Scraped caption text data
═══
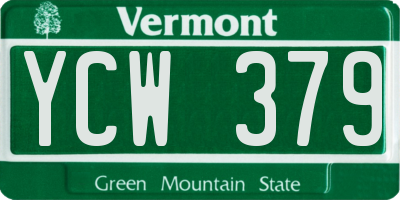 VT license plate YCW379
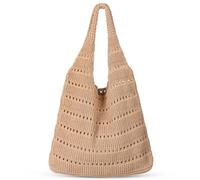 Etercycle Beach Bag Women Crochet Bag Summer Shoulder Bag Mesh Knitted Bag for Travel Shopping and Daily Life, Tan yellow
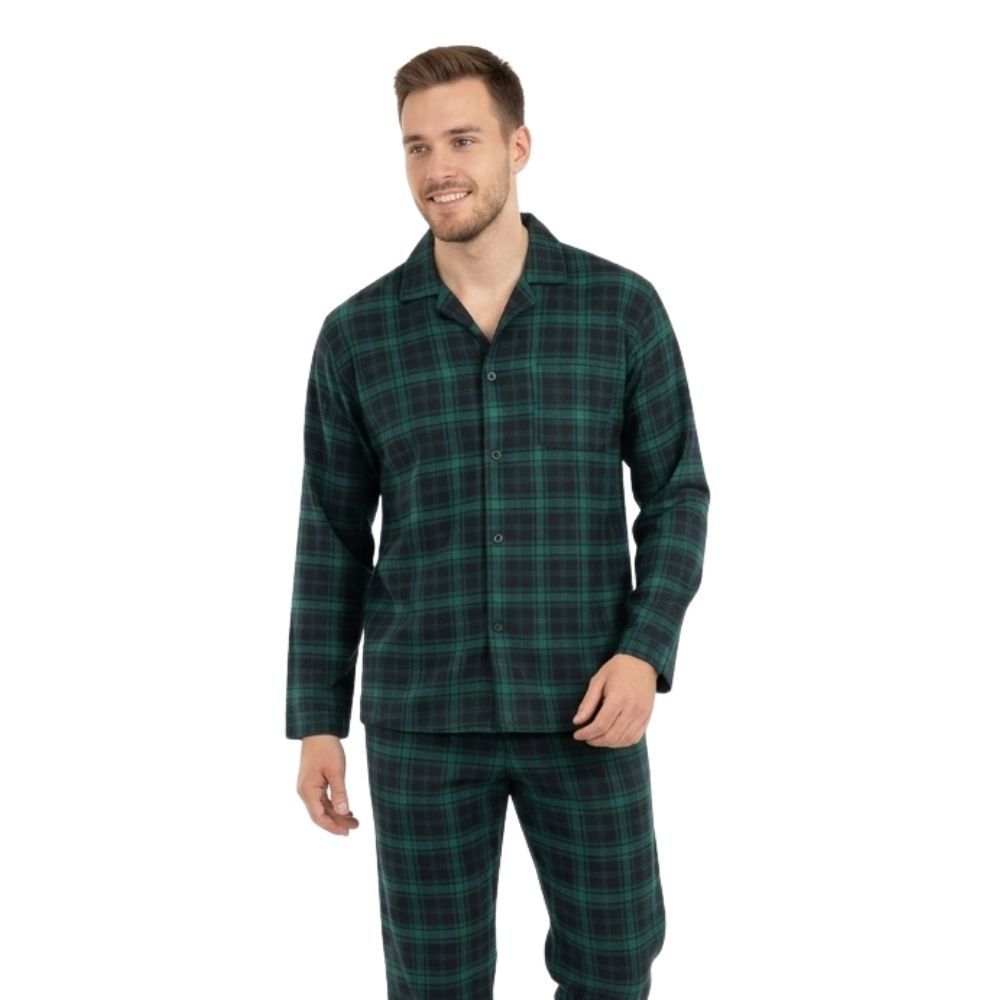 Pijama Masculino Longo Sepie 010C Flanela - Verde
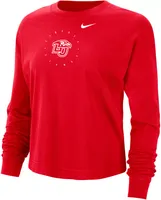 Nike Women's Liberty Flames Red Boxy Cropped Long Sleeve T-Shirt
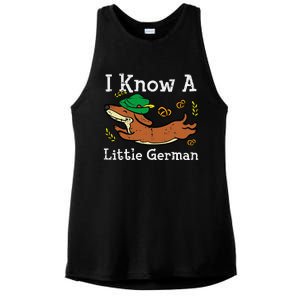 Oktoberfest Dachshund I Know Little German Dog Ladies PosiCharge Tri-Blend Wicking Tank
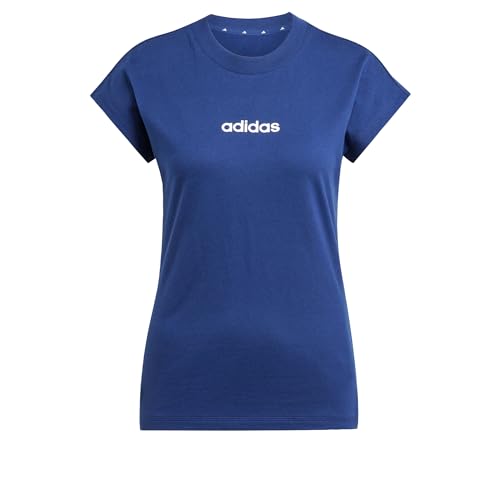 adidas Damen Essentials LINEAR Cotton T-Shirt, Dark Blue/White, M von adidas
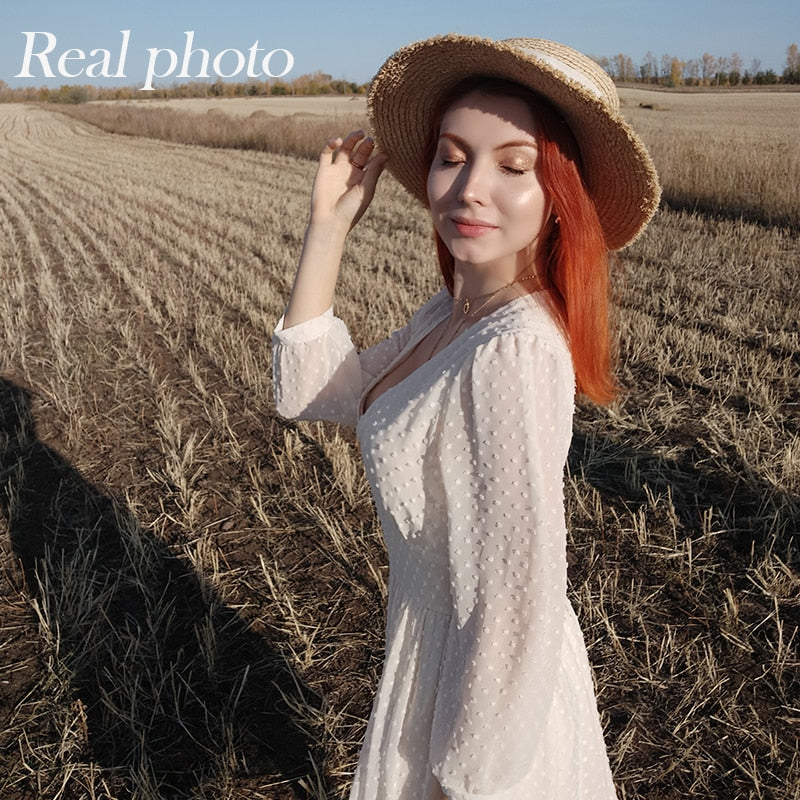 Robe mi-longue d'été à col V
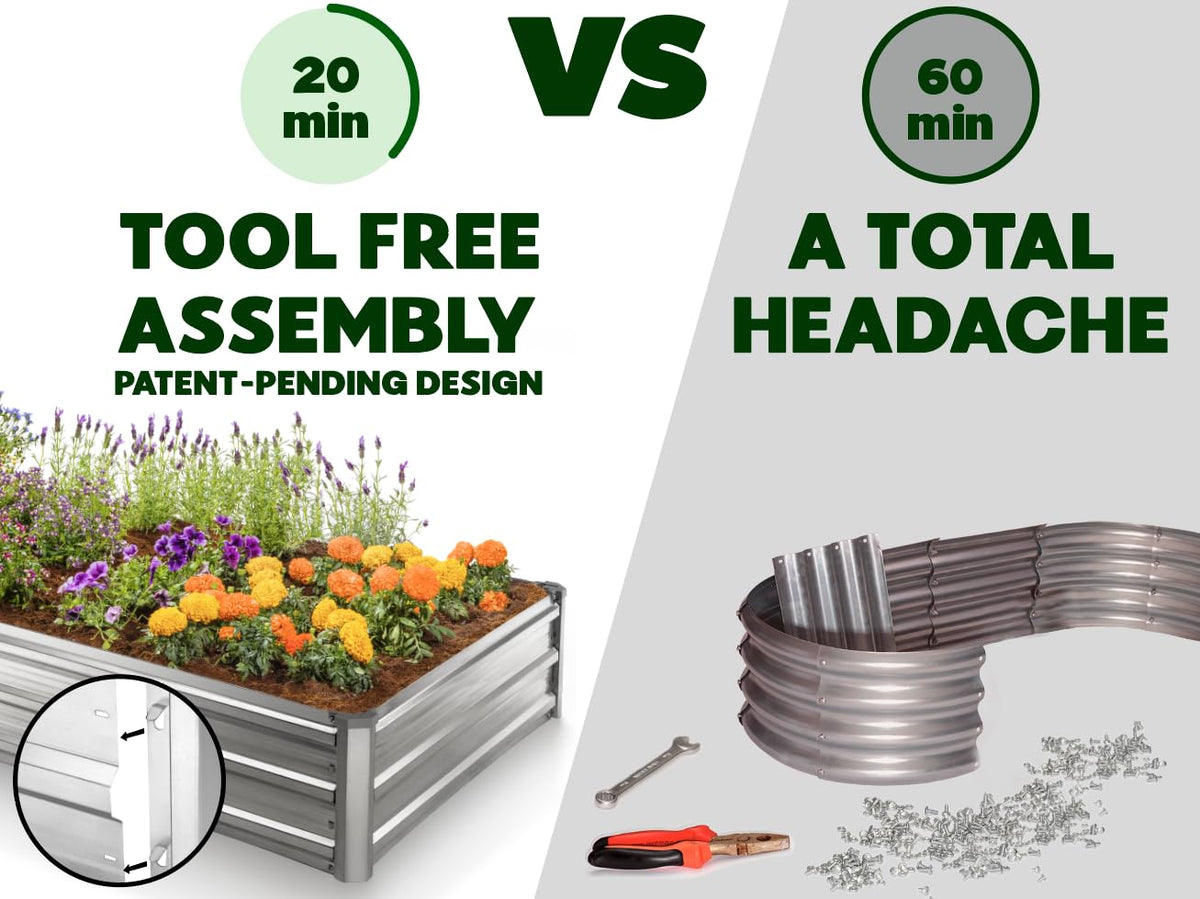 Galvanized Raised Garden Beds Outdoor - 8×4×1 ft (2-Pack)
═══
Please transcribe word for word the lines from the one bearing "Oktoberfest Dachshund I" through the last line of the records above, omitting the pictures.

Exercise result
 Oktoberfest Dachshund I Know Little German Dog Ladies PosiCharge Tri-Blend Wicking Tank
 adidas Damen Essentials LINEAR Cotton T-Shirt, Dark Blue/White, M von adidas
 Robe mi-longue d'été à col V
 Galvanized Raised Garden Beds Outdoor - 8×4×1 ft (2-Pack)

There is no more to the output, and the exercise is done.